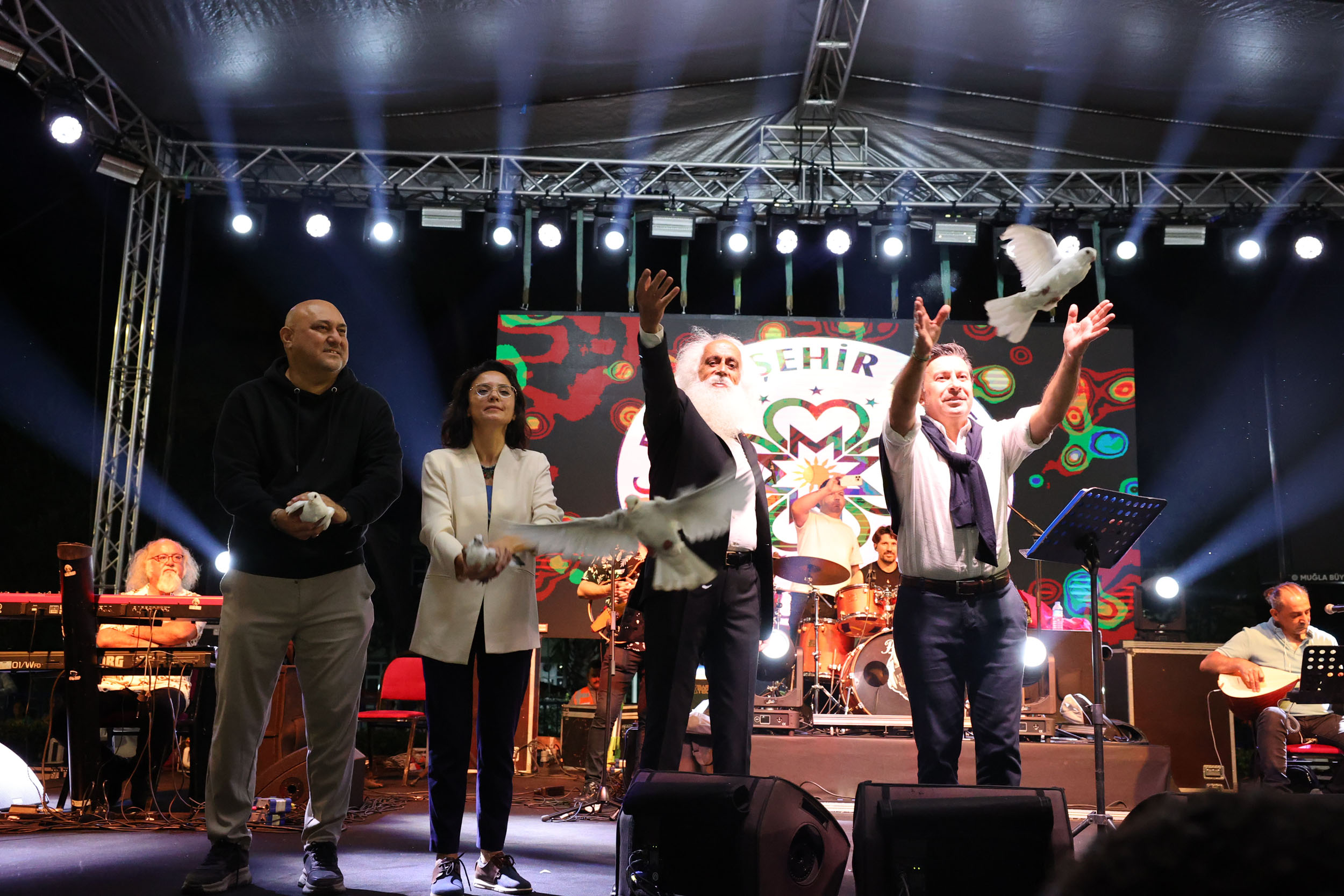 Muğla Büyükşehir Belediyesi 1 Eylül Dünya Barış Günü’nü Cumhuriyet Meydanı’nda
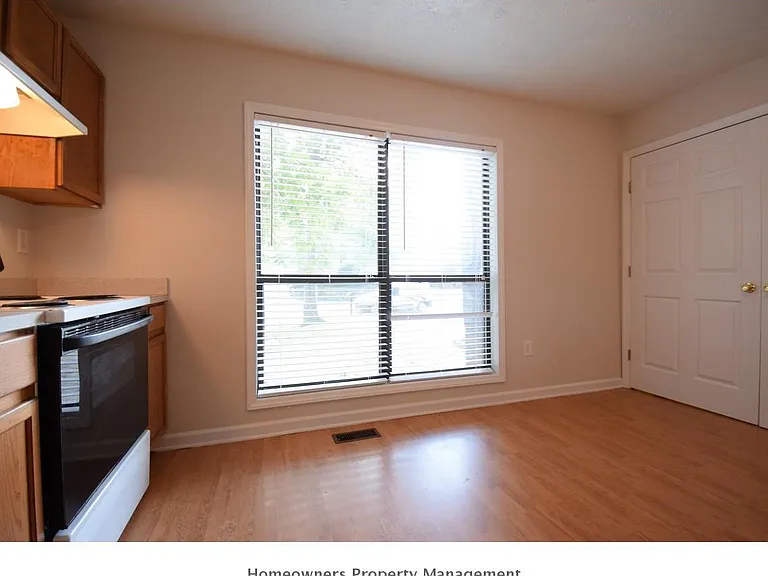 5840 Horton Pl — Photo 7
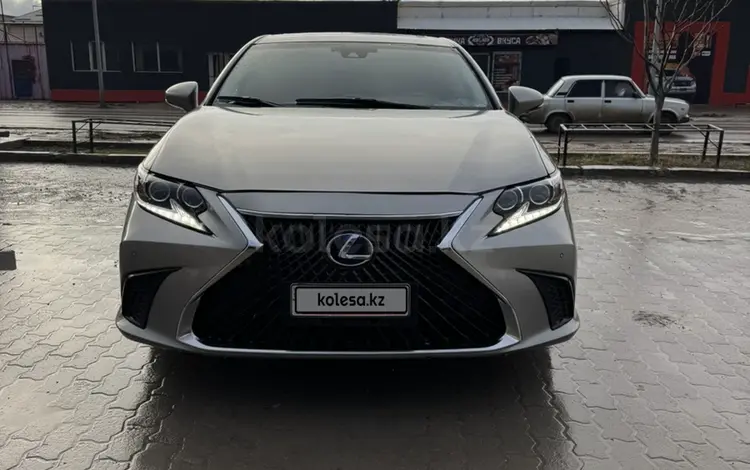 Lexus ES 250 2016 годаfor9 000 000 тг. в Актау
□ □ □ □ □
Print out the material verbatim, skipping pictures.

→ **Answer to this exercise**
 Muğla Büyükşehir Belediyesi 1 Eylül Dünya Barış Günü’nü Cumhuriyet Meydanı’nda
 5840 Horton Pl — Photo 7
 Lexus ES 250 2016 годаfor9 000 000 тг. в Актау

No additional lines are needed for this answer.